[feature] Retry sending of failed outgoing activities

superseriousbusiness / gotosocial

Fast, fun, small ActivityPub server.

https://docs.gotosocial.org

GNU Affero General Public License v3.0

3.83k stars 334 forks source link

[feature] Retry sending of failed outgoing activities #428

Open tsmethurst opened 2 years ago

tsmethurst commented 2 years ago

We still don't have any mechanism for retrying outgoing federation messages when they fail to be delivered.

This should be fixed, so that if a remote instance goes down, then when it comes up again it can still receive messages from GoToSocial that were sent while it was down.

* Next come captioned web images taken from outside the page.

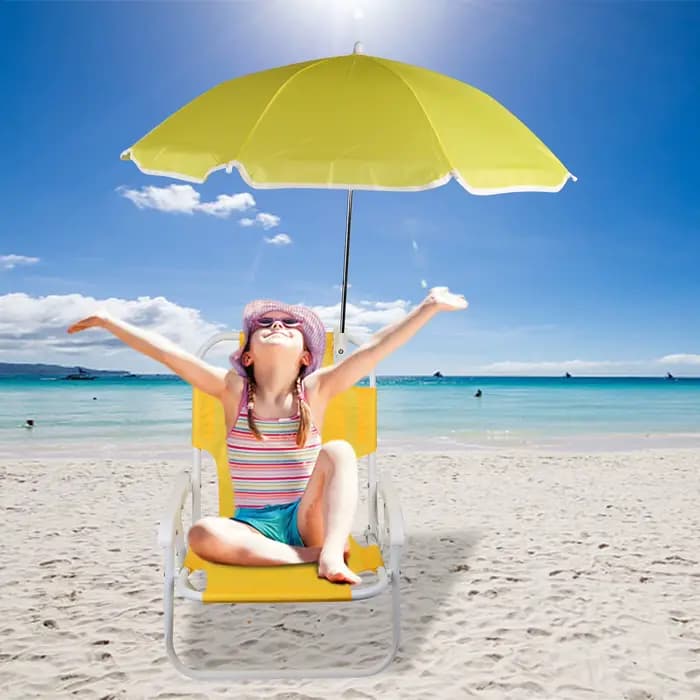 Chaises de plage et parapluies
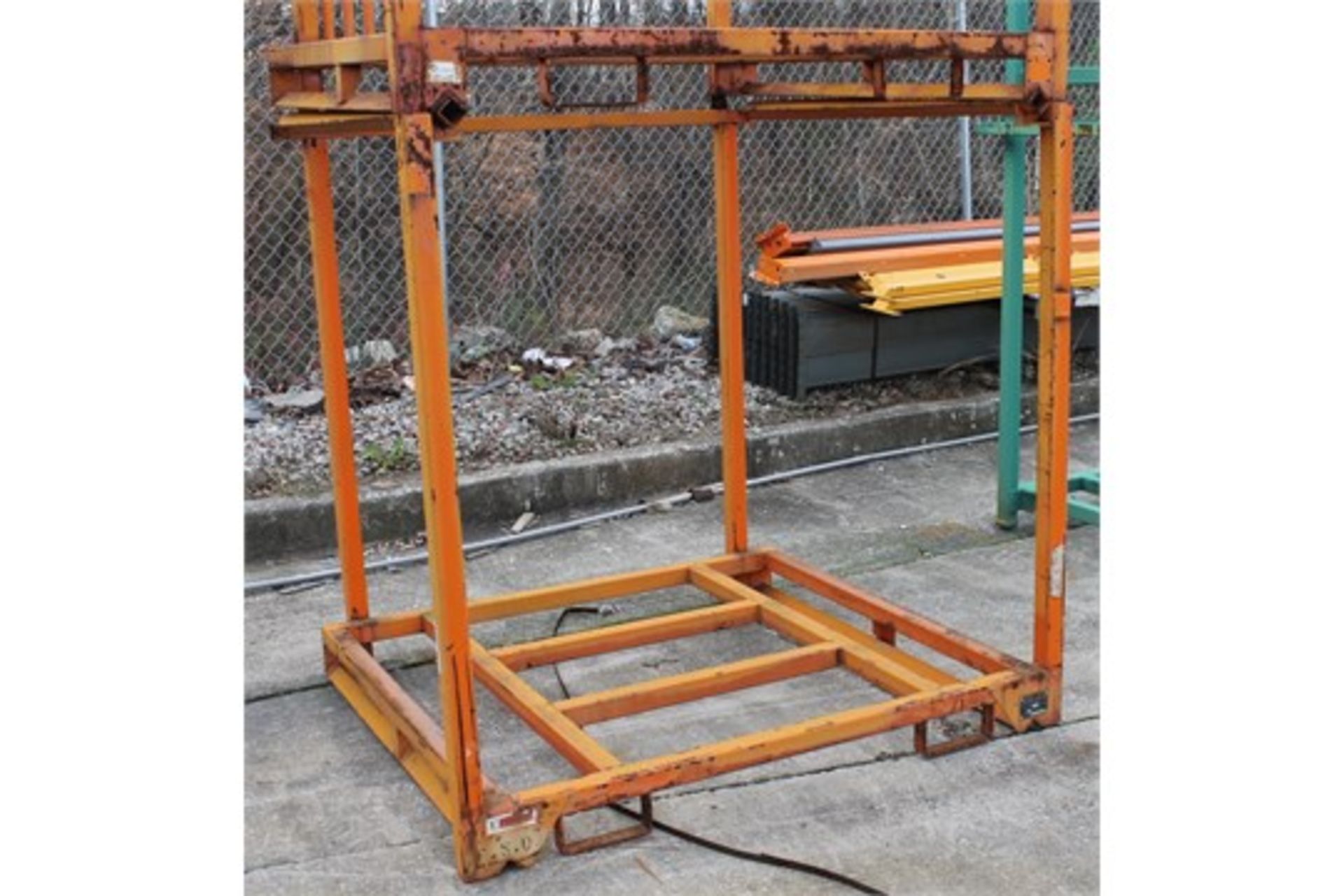 NESTAINER STACKABLE PALLET STORAGE RACKS,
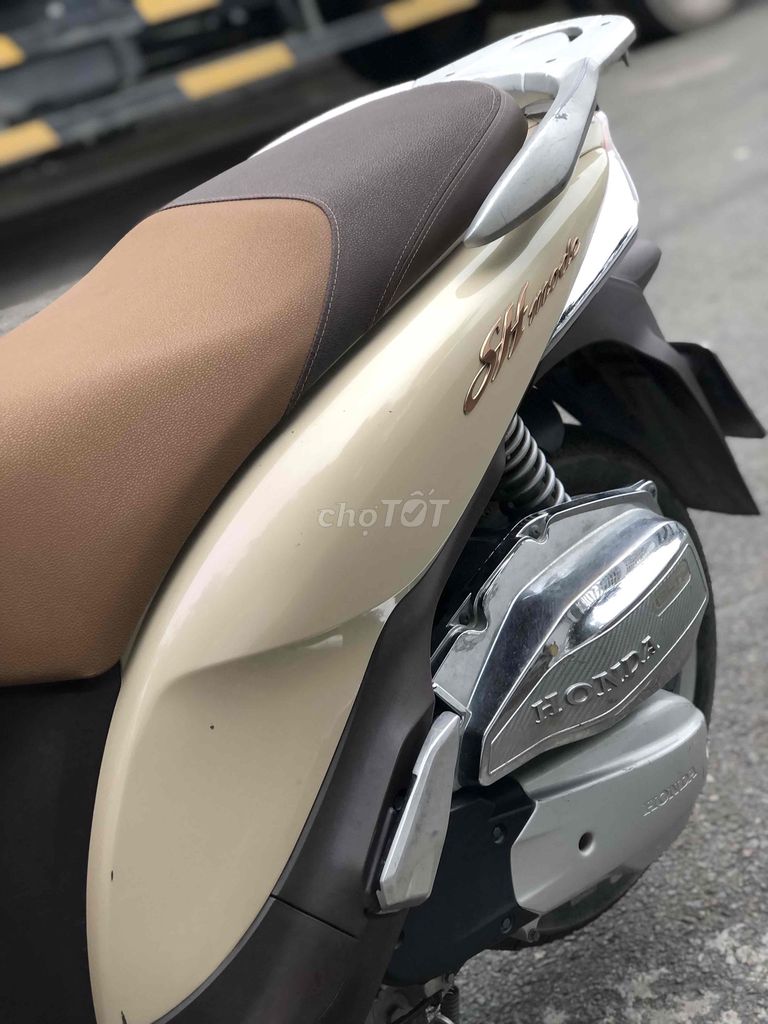 Honda SH Mode chính chủ ký.#đãbán. Mua bán Xe máy tại Huyện Hóc Môn Tp Hồ Chí Minh được đăng bởi Xe Máy Bùi Phong hình 8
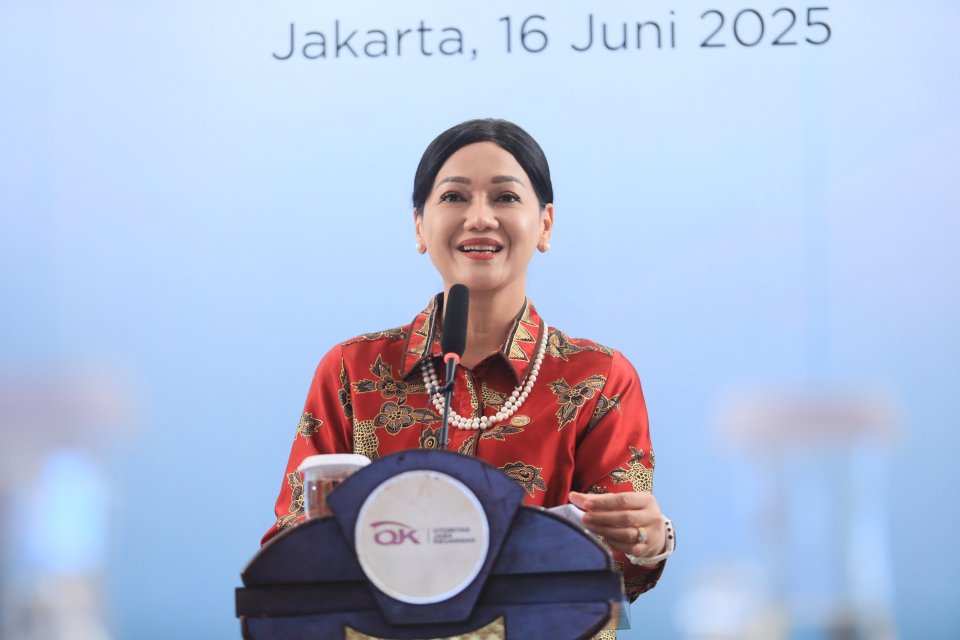 Kepala Eksekutif Pengawas Perilaku Pelaku Usaha Jasa Keuangan, Edukasi, dan Pelindungan Konsumen OJK Friderica Widyasari Dewi saat Training of Trainers (ToT): OJK Penggerak Duta Literasi Keuangan Indonesia (OJK PEDULI) bagi Media Massa di Jakarta, Senin,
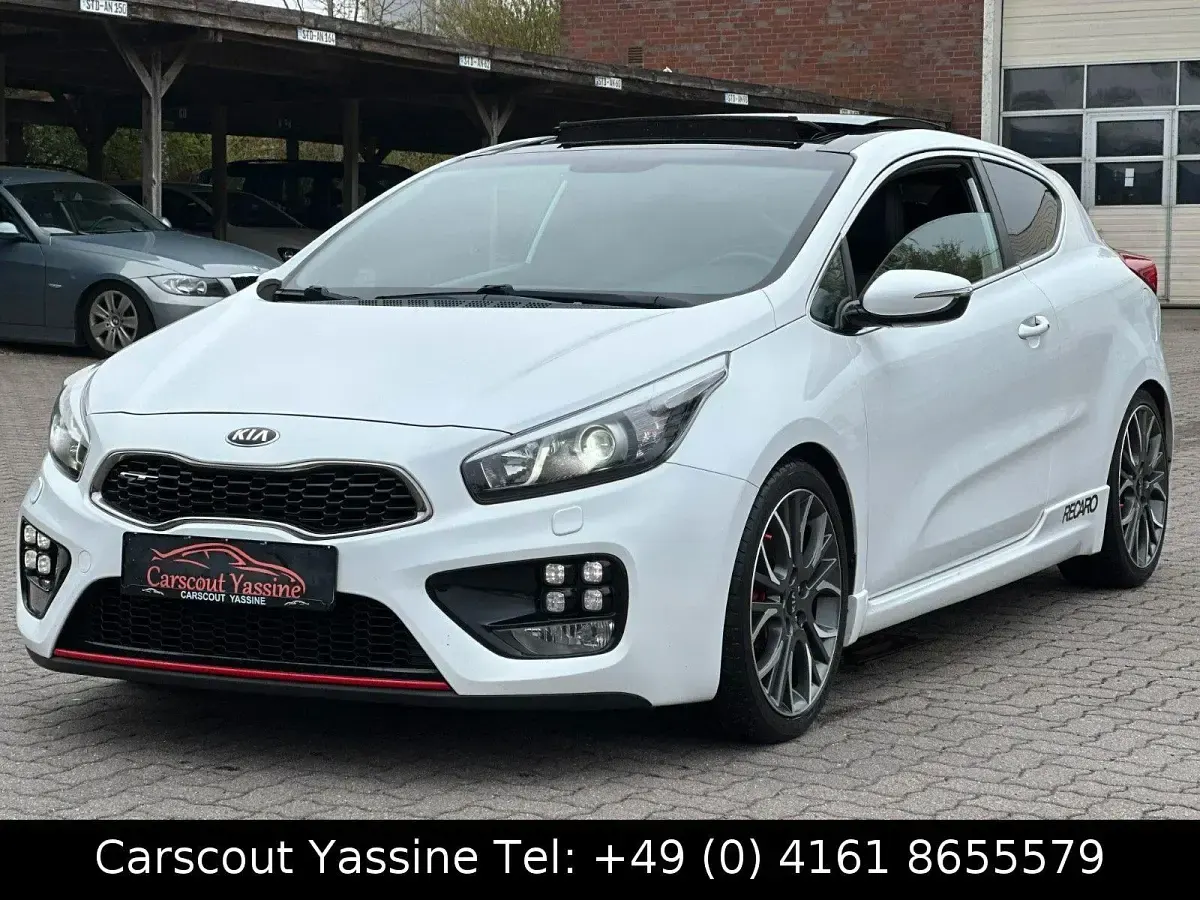 Używany Kia ProCeed GT-Challenge 204 KM (150 kW) 2015 Biały Hatchback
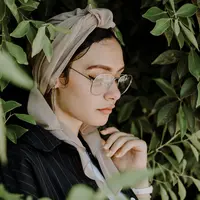 ilustrasi kepribadian perempuan/Photo by Mohammed Hassan on Unsplash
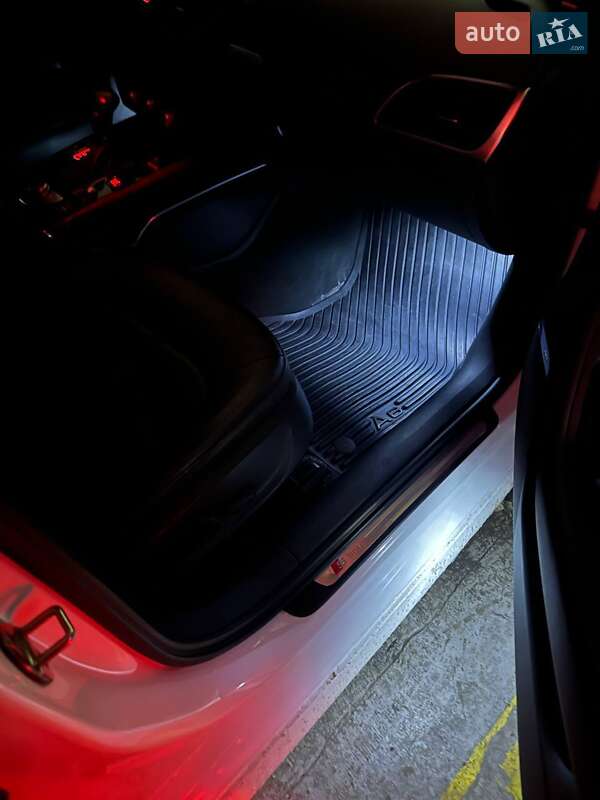 Седан Audi A6 2014 в Києві фото 11 Седан Audi A6 2014 в Києві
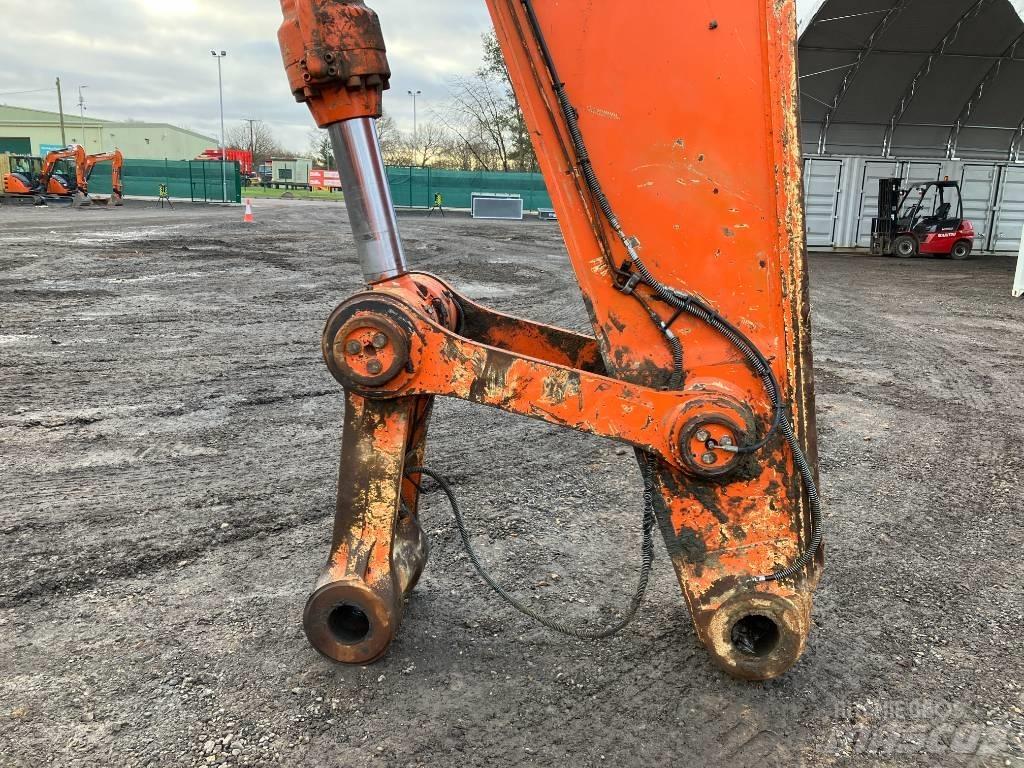 Hitachi ZX670LCH-5B Lánctalpas kotrók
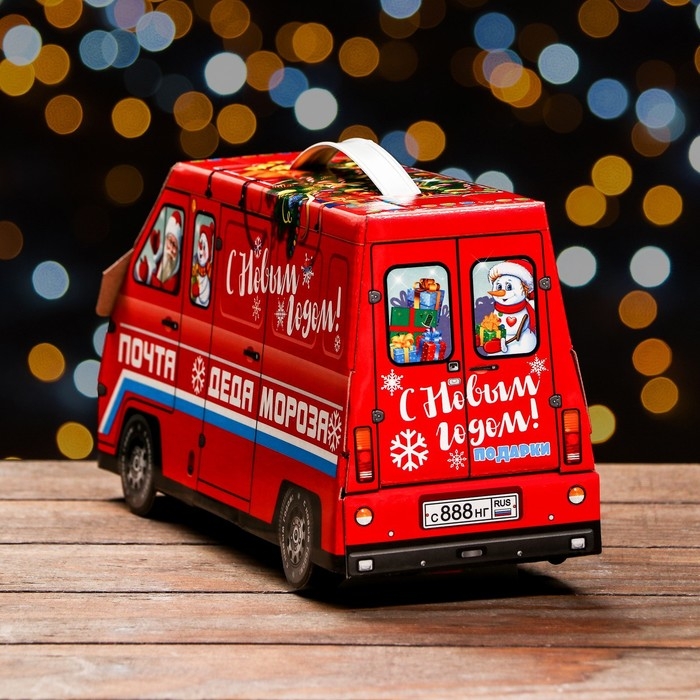 Новый год. Подарочная коробка Новый год. Подарочная коробка "Автопочта" 14,3 х 27 х 10 см.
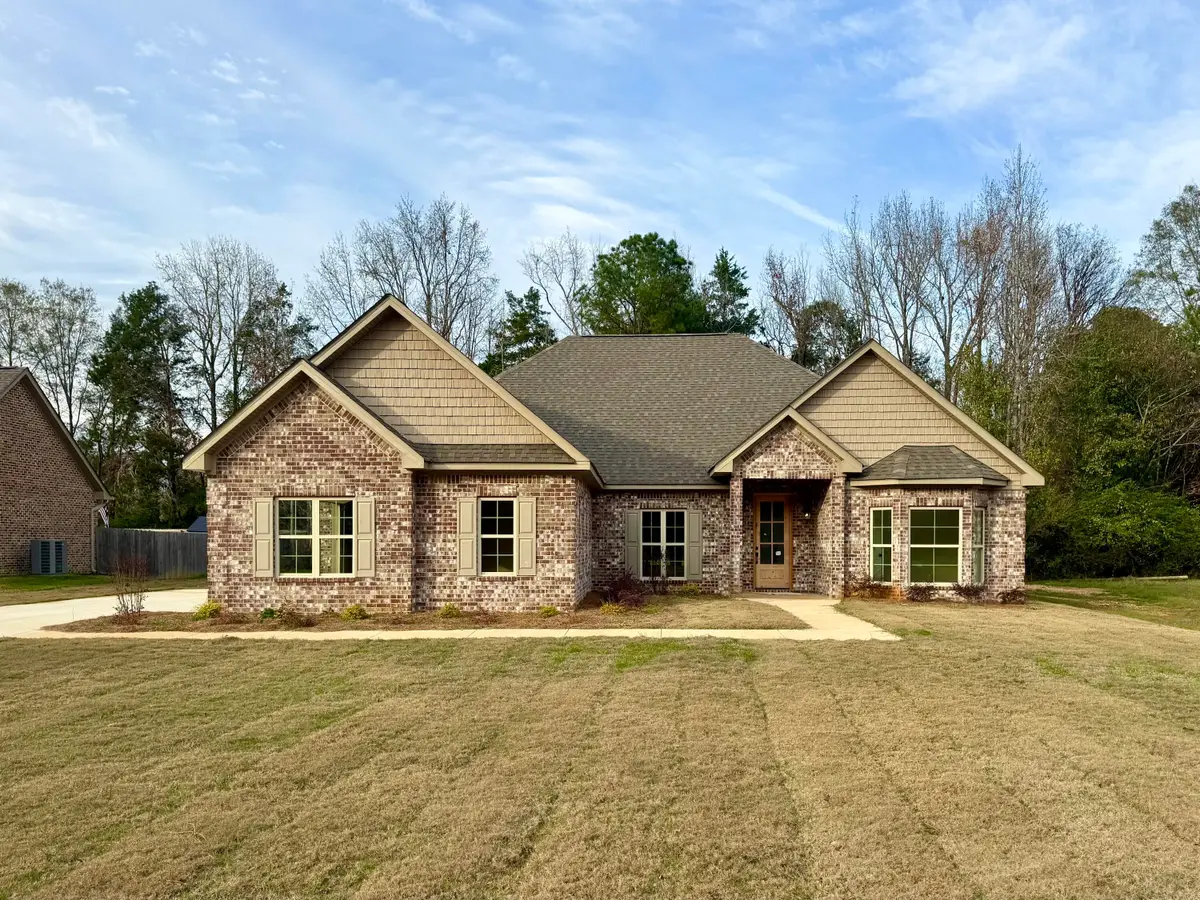 159 Lenox Ln, Columbus, MS 39702 - Image #1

To implement this, we need:

To track when and why delivery of a message fails and schedule a redelivery attempt if appropriate.
To implement a backoff mechanism so that retries of the same message are spaced out.

And we should:

Allow instance admins to see how many undelivered messages they have pending, or which instances delivery has properly 'failed' for (ie., run out of retry attempts).

NyaaaWhatsUpDoc commented 2 years ago

I think even after #564 is merged, we should still keep this open as there is still the question of longer backoffs and an actual queuing system for failed deliveries in the future. It would require a bit of a rework of how we batch deliveries and deal with expected errors, but it would make the final item here of an "undelivered messages status page" type thing much easier also.

tsmethurst commented 2 years ago

Agreed! I think we can take it off the current milestone since we have a stopgap implementation, and then we can have a longer discussion in a future release milestone about how to do this. Does that sound OK?

NyaaaWhatsUpDoc commented 2 years ago

Sounds great to me :)

igalic commented 2 years ago

retries should be exponentially back-off. retries need to be grouped / mapped by the target server, or even its IPv4/6.

i know it's not our job to monitor / healthcheck our peers, but it is our job to not DoS them.